Stored data -
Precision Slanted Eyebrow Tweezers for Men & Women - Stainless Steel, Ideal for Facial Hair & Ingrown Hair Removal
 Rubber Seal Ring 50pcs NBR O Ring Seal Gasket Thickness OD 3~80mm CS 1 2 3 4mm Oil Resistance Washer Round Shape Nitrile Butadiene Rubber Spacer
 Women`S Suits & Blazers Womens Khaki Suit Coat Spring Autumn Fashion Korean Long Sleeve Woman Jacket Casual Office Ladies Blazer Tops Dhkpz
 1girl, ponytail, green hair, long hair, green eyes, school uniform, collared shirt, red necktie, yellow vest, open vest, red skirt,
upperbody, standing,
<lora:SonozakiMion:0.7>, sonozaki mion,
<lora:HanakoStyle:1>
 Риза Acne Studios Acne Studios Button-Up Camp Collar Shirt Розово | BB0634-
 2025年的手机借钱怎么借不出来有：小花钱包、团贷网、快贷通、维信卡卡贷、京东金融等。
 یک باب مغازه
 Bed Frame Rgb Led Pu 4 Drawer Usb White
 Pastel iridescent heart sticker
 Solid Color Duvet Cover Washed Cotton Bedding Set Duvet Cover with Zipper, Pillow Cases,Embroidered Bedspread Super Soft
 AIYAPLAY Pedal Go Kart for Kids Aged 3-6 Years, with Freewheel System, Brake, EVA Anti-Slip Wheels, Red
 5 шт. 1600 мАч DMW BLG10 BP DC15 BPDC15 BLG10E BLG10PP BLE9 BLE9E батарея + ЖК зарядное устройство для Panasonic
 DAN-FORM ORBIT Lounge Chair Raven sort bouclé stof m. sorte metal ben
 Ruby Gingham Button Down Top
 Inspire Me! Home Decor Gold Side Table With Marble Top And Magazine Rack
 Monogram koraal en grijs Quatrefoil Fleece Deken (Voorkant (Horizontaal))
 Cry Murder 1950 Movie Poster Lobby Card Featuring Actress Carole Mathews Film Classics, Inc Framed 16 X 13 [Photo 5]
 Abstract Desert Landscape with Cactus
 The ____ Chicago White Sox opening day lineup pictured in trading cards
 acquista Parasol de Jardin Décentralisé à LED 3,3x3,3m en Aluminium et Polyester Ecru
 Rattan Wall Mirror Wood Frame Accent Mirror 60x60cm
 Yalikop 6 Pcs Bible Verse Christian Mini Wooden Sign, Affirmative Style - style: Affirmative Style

Work to complete - What is needed is every line from the beginning of the data up to and including the line with "acquista Parasol de", given again word for word.

Expected answer -
Precision Slanted Eyebrow Tweezers for Men & Women - Stainless Steel, Ideal for Facial Hair & Ingrown Hair Removal
 Rubber Seal Ring 50pcs NBR O Ring Seal Gasket Thickness OD 3~80mm CS 1 2 3 4mm Oil Resistance Washer Round Shape Nitrile Butadiene Rubber Spacer
 Women`S Suits & Blazers Womens Khaki Suit Coat Spring Autumn Fashion Korean Long Sleeve Woman Jacket Casual Office Ladies Blazer Tops Dhkpz
 1girl, ponytail, green hair, long hair, green eyes, school uniform, collared shirt, red necktie, yellow vest, open vest, red skirt,
upperbody, standing,
<lora:SonozakiMion:0.7>, sonozaki mion,
<lora:HanakoStyle:1>
 Риза Acne Studios Acne Studios Button-Up Camp Collar Shirt Розово | BB0634-
 2025年的手机借钱怎么借不出来有：小花钱包、团贷网、快贷通、维信卡卡贷、京东金融等。
 یک باب مغازه
 Bed Frame Rgb Led Pu 4 Drawer Usb White
 Pastel iridescent heart sticker
 Solid Color Duvet Cover Washed Cotton Bedding Set Duvet Cover with Zipper, Pillow Cases,Embroidered Bedspread Super Soft
 AIYAPLAY Pedal Go Kart for Kids Aged 3-6 Years, with Freewheel System, Brake, EVA Anti-Slip Wheels, Red
 5 шт. 1600 мАч DMW BLG10 BP DC15 BPDC15 BLG10E BLG10PP BLE9 BLE9E батарея + ЖК зарядное устройство для Panasonic
 DAN-FORM ORBIT Lounge Chair Raven sort bouclé stof m. sorte metal ben
 Ruby Gingham Button Down Top
 Inspire Me! Home Decor Gold Side Table With Marble Top And Magazine Rack
 Monogram koraal en grijs Quatrefoil Fleece Deken (Voorkant (Horizontaal))
 Cry Murder 1950 Movie Poster Lobby Card Featuring Actress Carole Mathews Film Classics, Inc Framed 16 X 13 [Photo 5]
 Abstract Desert Landscape with Cactus
 The ____ Chicago White Sox opening day lineup pictured in trading cards
 acquista Parasol de Jardin Décentralisé à LED 3,3x3,3m en Aluminium et Polyester Ecru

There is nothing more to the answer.